With three sisters having babies in the span of one year I've been getting a lot of questions about when we're going to have a baby and/or "you're next" comments.  We're also buying a house and our fifth wedding anniversary is later this month.  It's not unreasonable to expect that the family planning line of questioning would only escalate.  So I decided to do something about it.  Fight fire with fire, if you will.  I'm in a good place for the most part and am feeling pretty strong most of the time.  It was the right time.

Last week was National Infertility Awareness Week, and while I have never been affiliated with Resolve in any way (and actually have quite a few ethical qualms about their practices), I do like the idea of raising awareness about infertility.  I also really embraced Justine's #MoreThan1in8 campaign because I felt like that simple hashtag conveyed exactly what I wanted to.

So I outed myself.  Publicly.  On Facebook.  And by default I outed Hubs too, with his full support.
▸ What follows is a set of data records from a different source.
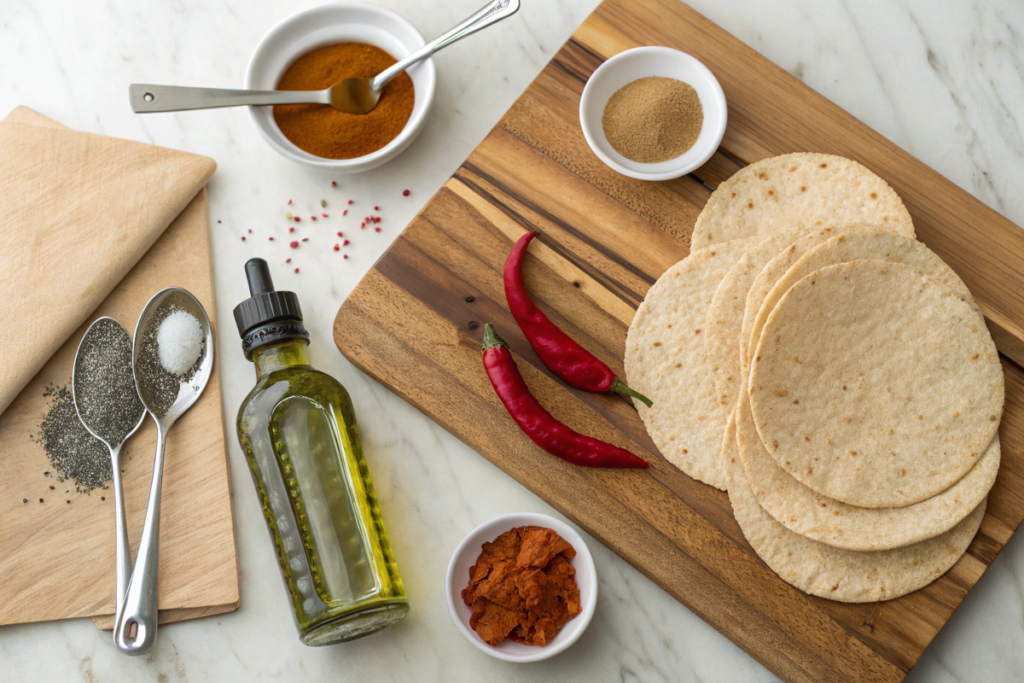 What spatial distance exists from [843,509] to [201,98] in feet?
7.35

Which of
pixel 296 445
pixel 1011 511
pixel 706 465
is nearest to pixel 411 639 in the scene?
pixel 296 445

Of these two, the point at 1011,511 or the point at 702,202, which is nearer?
the point at 1011,511

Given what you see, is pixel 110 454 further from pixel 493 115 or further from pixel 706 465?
pixel 706 465

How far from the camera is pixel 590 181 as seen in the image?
2.19 metres

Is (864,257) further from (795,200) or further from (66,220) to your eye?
(66,220)

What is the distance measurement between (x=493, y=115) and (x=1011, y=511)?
2025 mm

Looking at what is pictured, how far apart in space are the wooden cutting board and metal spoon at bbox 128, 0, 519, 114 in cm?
26

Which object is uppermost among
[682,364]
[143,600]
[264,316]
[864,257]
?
[864,257]

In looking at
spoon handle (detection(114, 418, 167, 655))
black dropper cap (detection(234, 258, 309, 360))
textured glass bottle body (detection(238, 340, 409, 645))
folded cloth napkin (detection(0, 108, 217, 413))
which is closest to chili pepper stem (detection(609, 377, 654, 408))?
textured glass bottle body (detection(238, 340, 409, 645))

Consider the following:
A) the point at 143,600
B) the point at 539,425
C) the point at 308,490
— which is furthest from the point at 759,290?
the point at 143,600

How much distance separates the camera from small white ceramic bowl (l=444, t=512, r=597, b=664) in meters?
1.89

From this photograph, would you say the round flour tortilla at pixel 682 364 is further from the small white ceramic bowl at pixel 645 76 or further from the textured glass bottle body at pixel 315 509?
the textured glass bottle body at pixel 315 509

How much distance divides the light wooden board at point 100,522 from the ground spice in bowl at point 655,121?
1.51 meters

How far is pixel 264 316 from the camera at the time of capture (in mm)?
1968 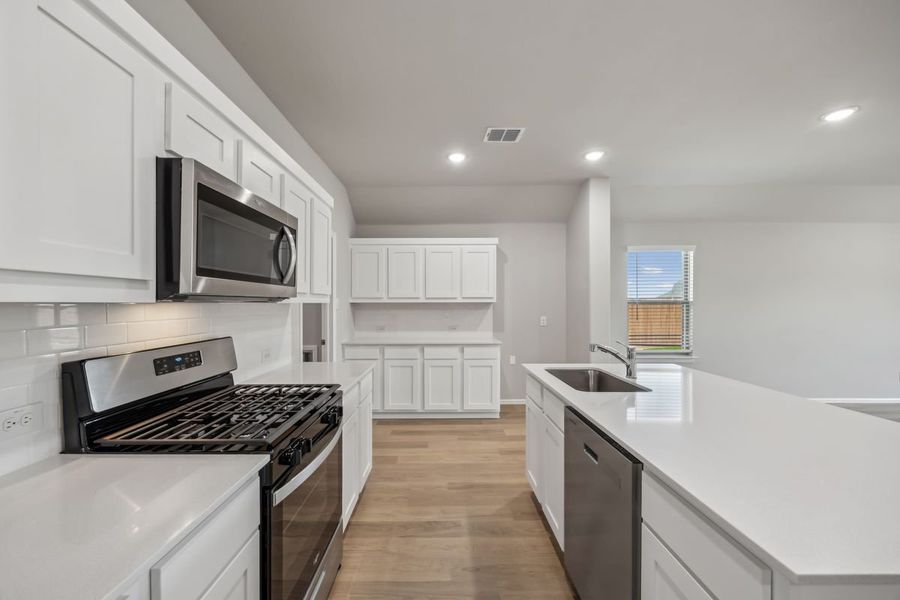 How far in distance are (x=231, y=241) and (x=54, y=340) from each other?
0.57m

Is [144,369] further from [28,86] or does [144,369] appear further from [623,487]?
[623,487]

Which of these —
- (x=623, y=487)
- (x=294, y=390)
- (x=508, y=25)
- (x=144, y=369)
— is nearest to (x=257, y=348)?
(x=294, y=390)

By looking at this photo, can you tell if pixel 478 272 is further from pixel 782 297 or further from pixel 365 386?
pixel 782 297

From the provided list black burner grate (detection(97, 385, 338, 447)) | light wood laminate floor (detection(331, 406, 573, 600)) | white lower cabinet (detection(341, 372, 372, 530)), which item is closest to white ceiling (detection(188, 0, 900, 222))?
black burner grate (detection(97, 385, 338, 447))

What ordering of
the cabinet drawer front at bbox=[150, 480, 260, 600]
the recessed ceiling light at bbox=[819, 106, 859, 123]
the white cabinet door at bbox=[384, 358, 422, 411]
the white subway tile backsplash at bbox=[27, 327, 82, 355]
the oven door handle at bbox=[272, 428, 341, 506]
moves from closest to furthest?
the cabinet drawer front at bbox=[150, 480, 260, 600], the white subway tile backsplash at bbox=[27, 327, 82, 355], the oven door handle at bbox=[272, 428, 341, 506], the recessed ceiling light at bbox=[819, 106, 859, 123], the white cabinet door at bbox=[384, 358, 422, 411]

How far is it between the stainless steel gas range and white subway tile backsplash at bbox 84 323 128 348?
8 cm

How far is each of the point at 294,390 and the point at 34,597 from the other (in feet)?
4.12

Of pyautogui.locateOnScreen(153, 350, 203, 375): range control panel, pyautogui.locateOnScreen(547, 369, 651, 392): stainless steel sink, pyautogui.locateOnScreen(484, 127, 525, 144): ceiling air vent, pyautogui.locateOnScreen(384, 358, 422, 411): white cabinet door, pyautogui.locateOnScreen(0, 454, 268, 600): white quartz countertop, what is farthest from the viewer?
pyautogui.locateOnScreen(384, 358, 422, 411): white cabinet door

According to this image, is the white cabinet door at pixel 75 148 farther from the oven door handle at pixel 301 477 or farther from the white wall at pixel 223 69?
the white wall at pixel 223 69

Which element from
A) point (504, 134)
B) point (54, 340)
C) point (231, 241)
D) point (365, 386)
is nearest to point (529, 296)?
point (504, 134)

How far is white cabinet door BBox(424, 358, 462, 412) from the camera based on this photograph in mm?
4398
I shared what I felt comfortable sharing, how I wanted to share it, and on my terms.
I had low expectations.  Like really low.  I posted what I did fully prepared for a fight and unfriending spree.  I was fully prepared for misunderstanding, false assumptions, the "never give up" message, and "have you tried _________."  I couldn't even look at Facebook for hours after I posted about it.  I was sick to my stomach.  I wasn't sure that I wanted to see.  So I went to work and tried not to think about it.

But while I was avoiding Facebook the texts, private messages, and emails started to roll in.  I logged on.  More of the same.  I was shocked.  Overwhelmed.  People responded in a ways that I never could have predicted.  With understanding.  With love.  With solidarity.  With empathy.  With compassion.  With stories of their own infertility journey.  I was (and still am speechless). 

Over the last week and a half I've had honest, open, meaningful conversations about infertility with people outside of the infertility community.  I honestly didn't anticipate this.  A bit of my faith in humanity has been restored. 

But probably the best and most unanticipated consequence outing myself doesn't even involve me, it involves Hubs.  The other night his phone rang.  It was one of his oldest friends.  He went upstairs to talk.  When he came downstairs almost an hour later he said that it was a relief to finally talk to someone who understood.  It turned out that his friend and his friend's wife went through almost the same exact thing as we did (though their journey is not finished because they decided to pursue adoption).  Neither one of them knew the other was going through it too.  So they talked.  They shared.  They supported one another.  He's been going through this without a support system outside of me, and I think that he's felt that it's his responsibility to be strong for me.  Now he has an ally.  Somebody that he doesn't have to be strong with. 

Never in a million years did I imagine that so many conversations would come of a silly little post.  I am still overwhelmed by and grateful for how the post was received.  I guess the moral of the story is that sometimes people can surprise you in the best possible ways.  It feels good to be out.